Pinakothek der Moderne

Pier Paolo Pasolini

17 Nov 2005 - 05 Feb 2006

Pier Paolo Pasolini, Portrait, Pinakothek der Moderne
P.P.P. - Pier Paolo Pasolini and Death

Pier Paolo Pasolini (1922-1975) - or, as he preferred to call himself, »P.P.P.« - was not only a film director and author but also dramatist and actor, lyricist and journalist, painter and graphic artist. As a poet, as the author of novels and of theoretical essays, and as director of controversial films, Pasolini chose to focus largely on timeless, archaic subjects: the fate of humanity, religion, sexuality, death. In doing so, he moved in his own aesthetic world of contradiction, one far beyond conventional norms and values, where he created images of clarity only rarely achieved since - images in which harshness and tenderness appear intimately interrelated in sibling-like form.

Throughout his work Pasolini directed his attention towards an all-embracing dimension - a superior ideal. The lucidity of thought and the immense influence of his works on subsequent generations of performance and fine artists are better judged now, three decades after his death.

Pasolini was one of the first to predict the crisis of humanity created by the culturally destructive role of the media and by mass consumption at the end of the 20th and beginning of the 21st century.

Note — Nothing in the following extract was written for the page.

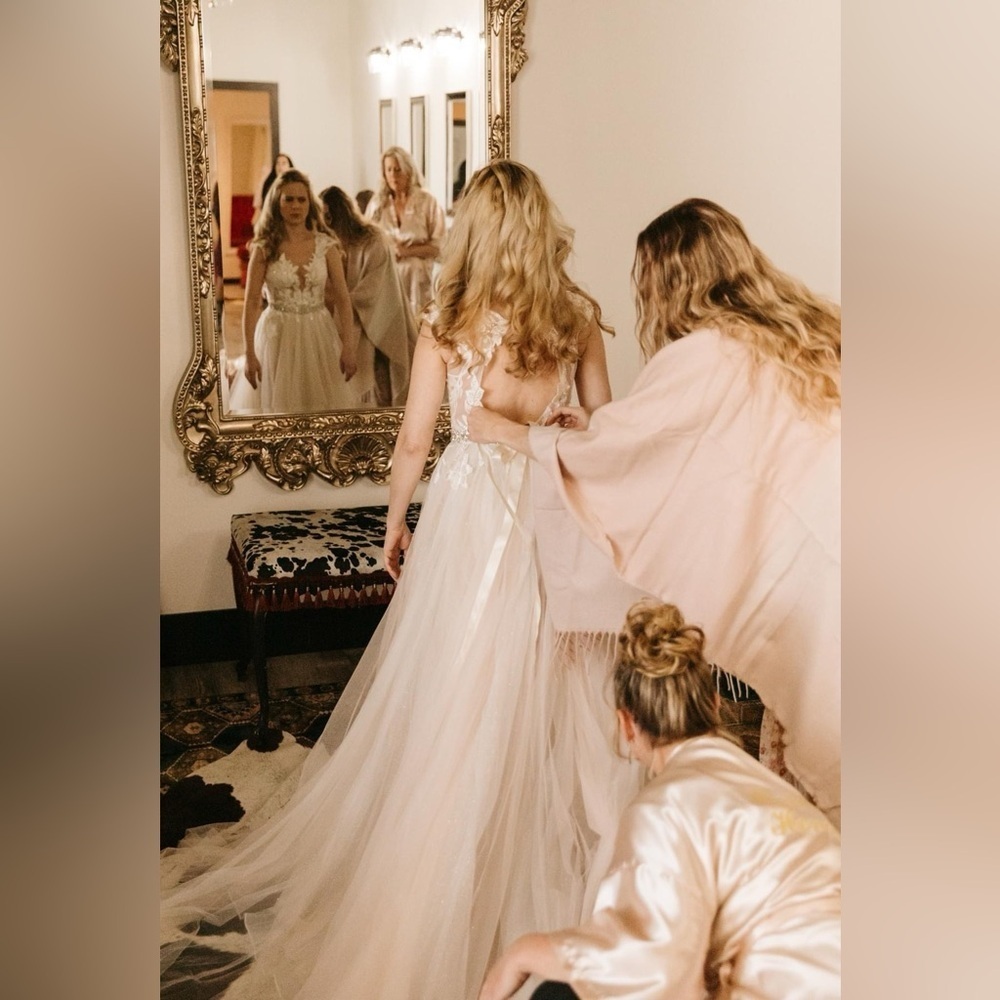 GALINA SIGNATURE
illusion plunge lace appliqued wedding dress​​​ - Picture 8 of 8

To this day, the name of Pasolini is for many people primarily associated with external events, with the breaking of taboos and with scandals. For this reason, the exhibition is particularly interested in presenting the many different facets and contexts of the work by this highly versatile artist. Drawings and paintings, manuscripts and documents as well as a number of »symbolic« images from his films, have been assembled to illuminate the broad intellectual spectrum of Pasolini's leading thoughts and works. At the same time, the exhibition traces the chronological development of a work that reached its ultimate coherence through the death of the poet-director: »As long as I am not dead, no one will be able to claim they really know me.« (P.P.P.)